Momma is responsible for protecting my legalities. She formed my business, Baxley Studios, this month a year ago. Baxley Studios was formed as a S-Corp in the great state of Delaware where my 45th great grandfather, George Read, signed of the Declaration of Independence, was a Continental Congressman from Delaware, and delegate to the U.S. Constitutional Convention of 1787, President of Delaware, a member of the Federalist Party, and served as U.S. Senator from Delaware and Chief Justice of Delaware. Let’s just say it’s about keeping it in the family.

Momma also made sure that my body was protected after the atrocities that came to be thanks to the County of San Diego and the great snafu of July 2011. More on that later, but suffice to say that my momma is both my executor (hehe) and power of attorney, in all things from estate management to my advance medical directive. Proud of my blood, quite literally, and my former unmarred medical history, together we’ve documented the medical drama surround my cuckoo’s nest squatting.

Momma is quite simply my chief operating officer, both in business, in blood, and in life.

My momma is also an orthomolecular medicinal therapist, an area of science forged by her cousin Linus Pauling. Pauling coined the term to refer to focuses on using the right nutritional molecules in the right amounts for the individual’s biochemistry. Optimum nutrition and orthomolecular medicine are nutritional health and medical approaches which posit that many diseases and abnormalities result from various chemical imbalances or deficiencies and can be prevented, treated, or sometimes cured by achieving optimal levels of naturally occurring chemical substances, such as vitamins, dietary minerals, enzymes, antioxidants, amino acids, lipotropes, essential fatty acids, prohormones, dietary fiber and intestinal short chain fatty acids.
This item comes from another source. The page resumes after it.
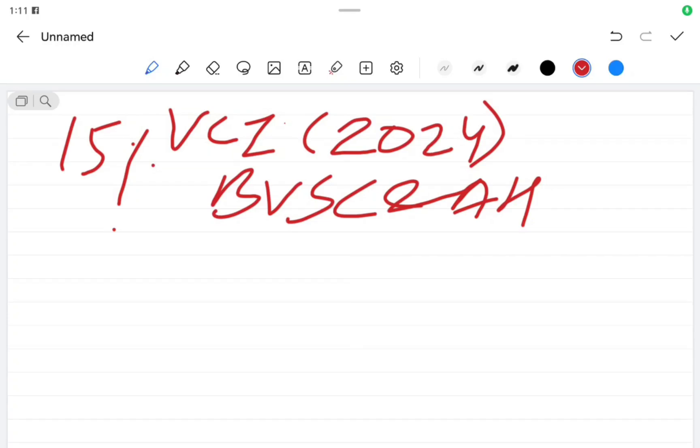Alaikum, dear students. I am Yamin Khan, a second year BVSc and AH student at SKUAST Kashmir. In today's video, we will talk about the cutoff for BVSc and AH through VCI quota, that is the 15 percent All India quota for the admissions to BVSc and AH degree program in different veterinary colleges.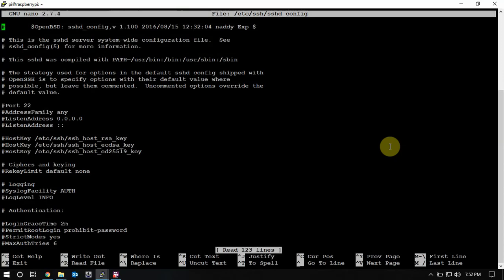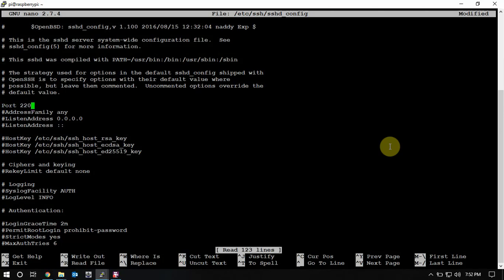Then when you get in there, you're gonna see that port 22 has the hash here, so we need to remove that. We'll just change this to whatever. You can change it from anywhere from like 22 to 12,148. So we'll just add a zero onto it, so now the port number is 220. Do a Control X, Y, Enter to save.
To honor my momma, I’m reminding her that the blood she’s spent endless hours studying, is indeed a bloodline that ties us together as a network, a family. And we have one magnificent family (we’re also given to hyperthymic temperaments, and bruising with high homocysteine levels). I’ll be launching her a website which allows her to both share her expertise, but also to allow direct access for folks to purchase nutritional supplements. It’s sort of a thank you to my momma. It’s about time that brick-and-mortar Purely Herbs of Charlotte, North Carolina became an online entity. Again, as a nod to our family, you’ll find her site at www.hiltonshealth.com. Because behind every great woman is her momma.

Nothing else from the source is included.